◆ What the task requires
Output exactly the lines below from the one containing "魏楷字帖《崔敬邕墓志集字版》楷书字帖" to the last line, both included. Omit pictures.

(Image-caption web data)
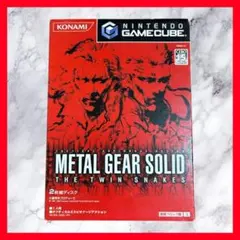 ゲームキューブ METAL GEAR SOLID THE TWIN SNAKES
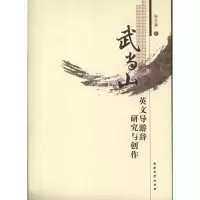 11武当山英文导游辞研究与创作978731004139822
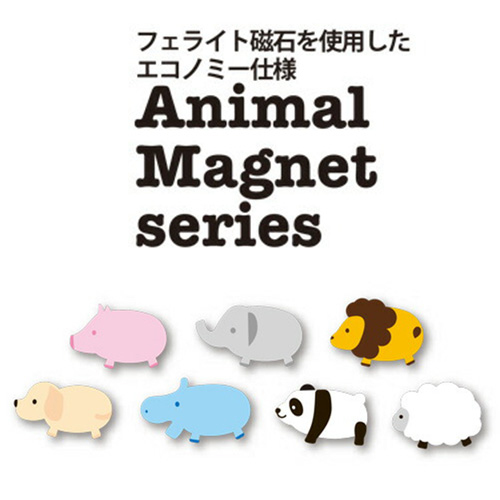 ナカバヤシ アニマル マグネット AMG-F01PA(パンダ)の商品画像2枚目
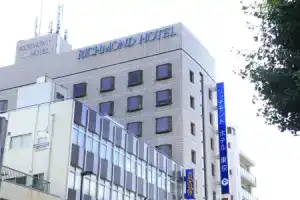 Richmond Hotel Tokyo Mejiro, Токио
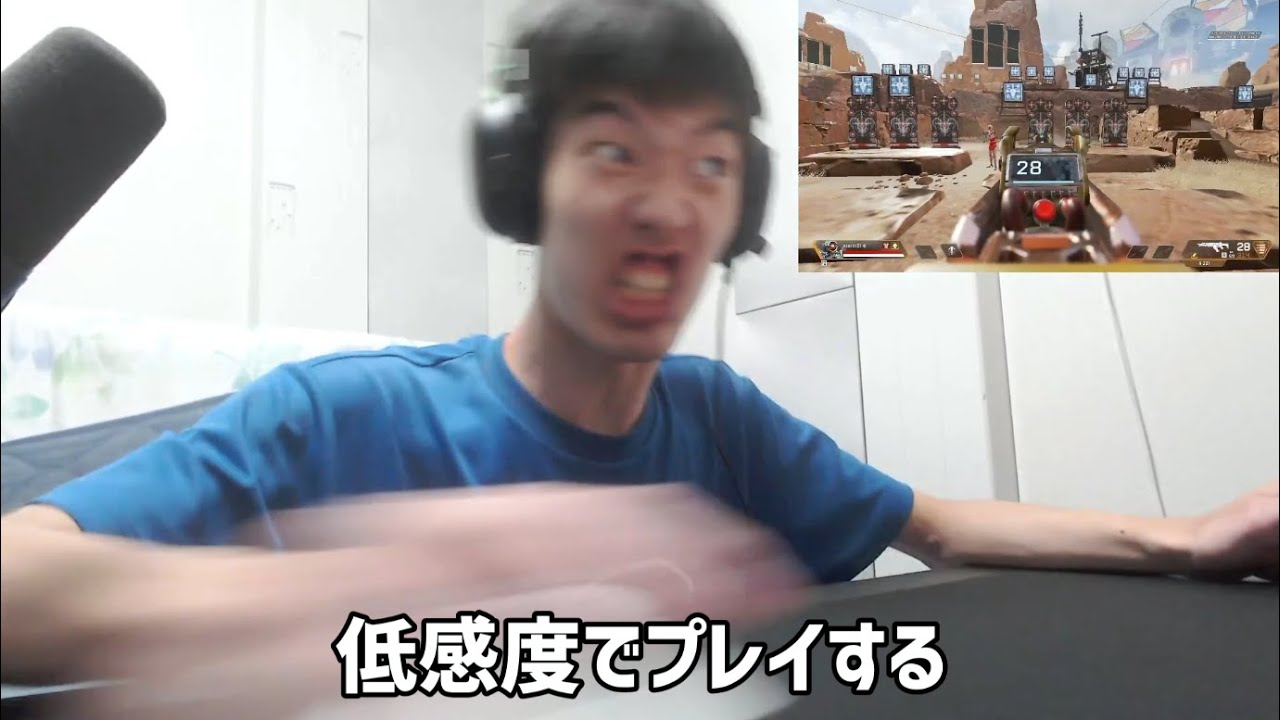 FPSで勝つ方法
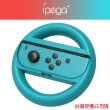 【iPega】Switch 副廠 Joy-Con方向盤(舒適手感 精準貼合 加大按鍵)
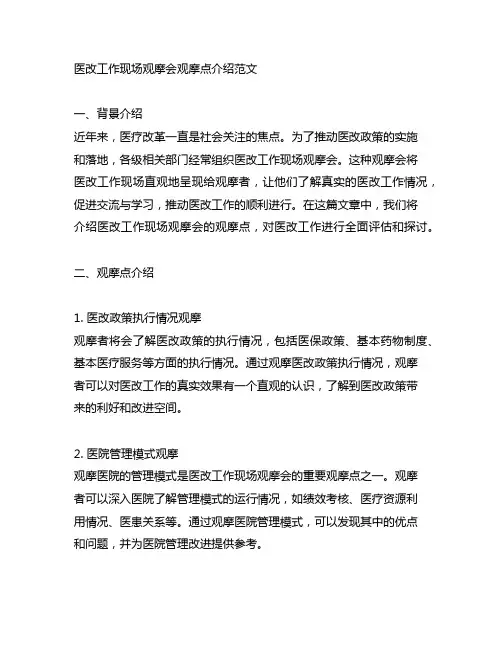 医改工作现场观摩会观摩点介绍范文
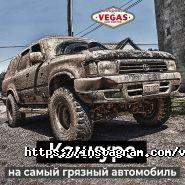 Vegas, автомийка фото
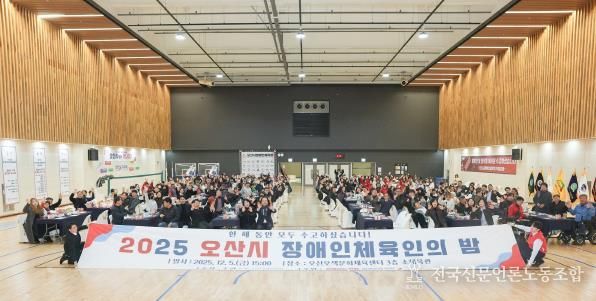오산시장애인체육회, ‘2025 오산시 장애인체육인의 밤’ 성황리 개최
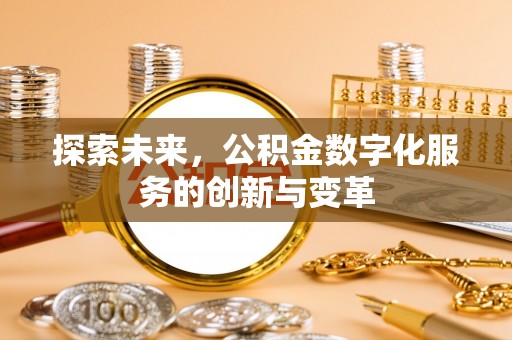 张家港探索未来，公积金数字化服务的创新与变革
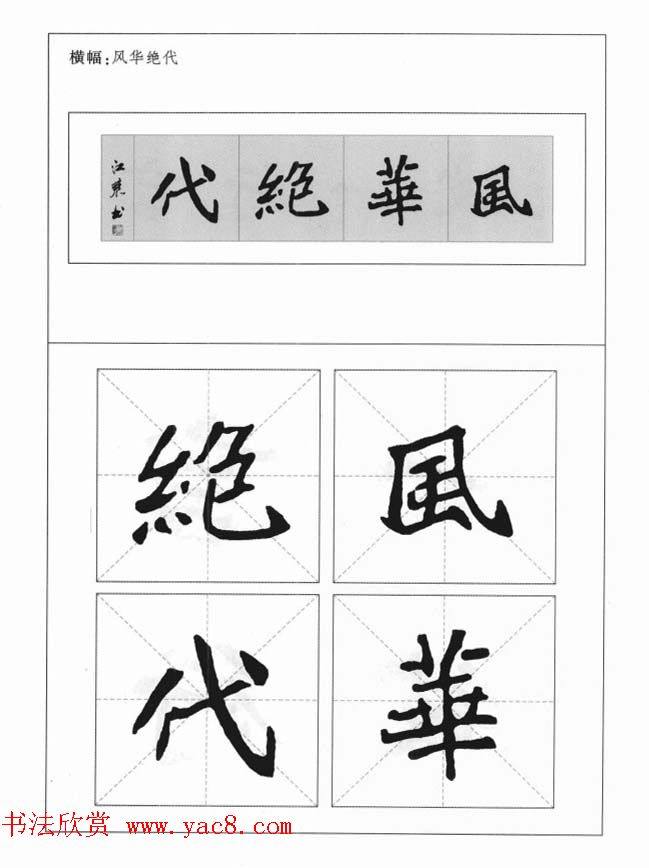 魏楷字帖《崔敬邕墓志集字版》楷书字帖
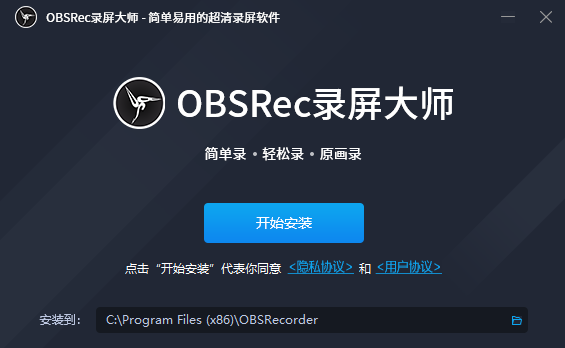 OBS录屏大师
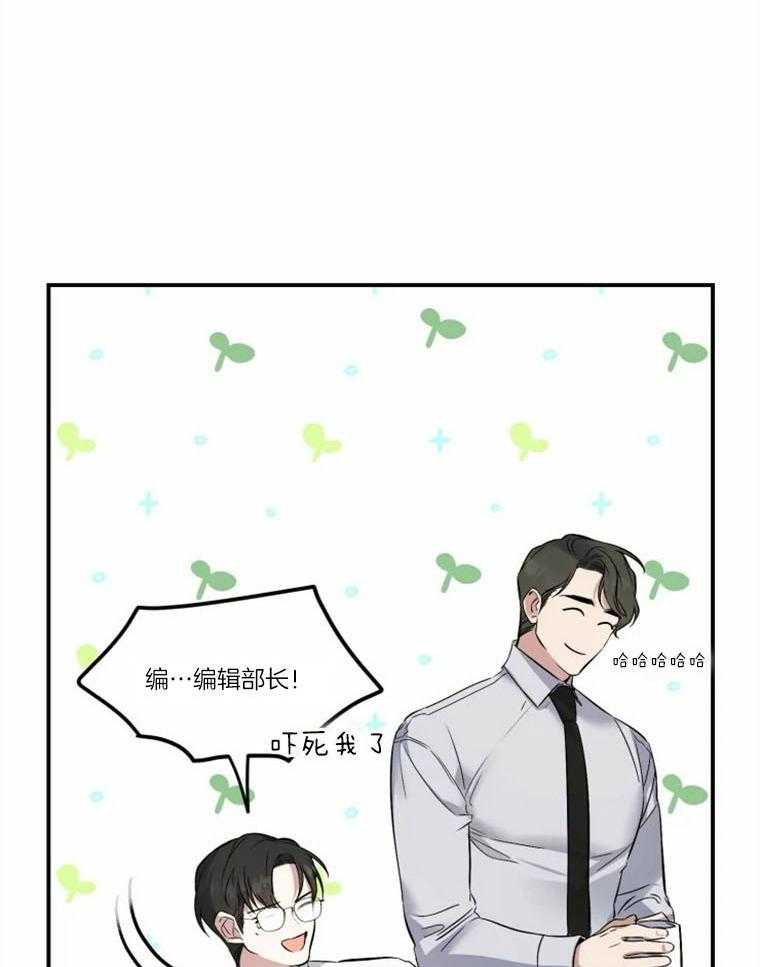 《大神作家是初恋》第16话 我疯了？？？ 第25页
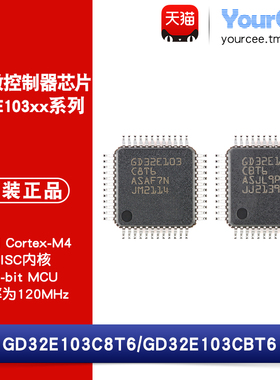 GD32E103C8T6/GD32E103CBT6 32位ARM Cortex-M4单片机MCU微控制器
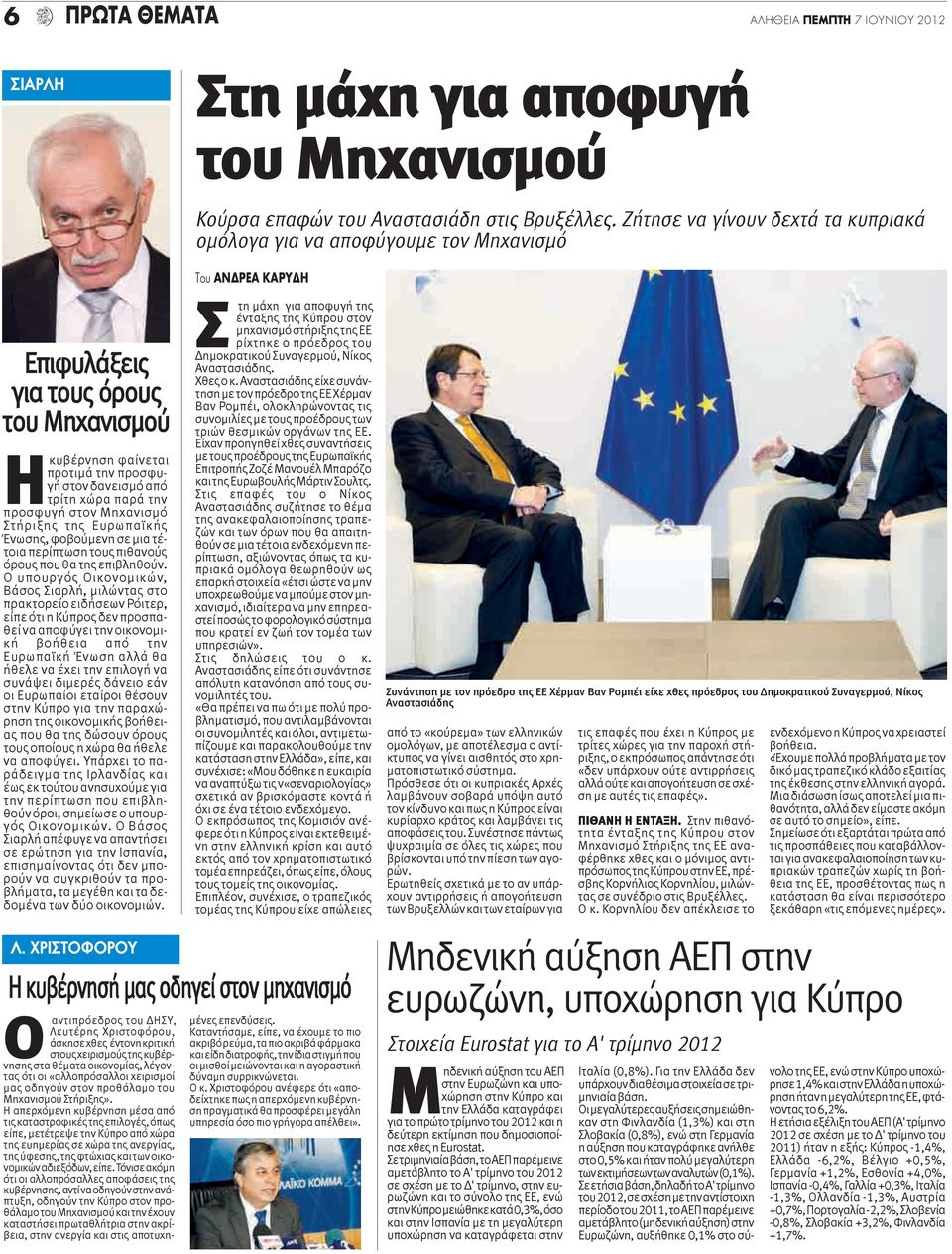 προσφυγή στον Μηχανισμό Στήριξης της Ευρωπαϊκής Ένωσης, φοβούμενη σε μια τέτοια περίπτωση τους πιθανούς όρους που θα της επιβληθούν.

◆ Result of this exercise
 魏楷字帖《崔敬邕墓志集字版》楷书字帖
 OBS录屏大师
 《大神作家是初恋》第16话 我疯了？？？ 第25页
 GD32E103C8T6/GD32E103CBT6 32位ARM Cortex-M4单片机MCU微控制器
 προσφυγή στον Μηχανισμό Στήριξης της Ευρωπαϊκής Ένωσης, φοβούμενη σε μια τέτοια περίπτωση τους πιθανούς όρους που θα της επιβληθούν.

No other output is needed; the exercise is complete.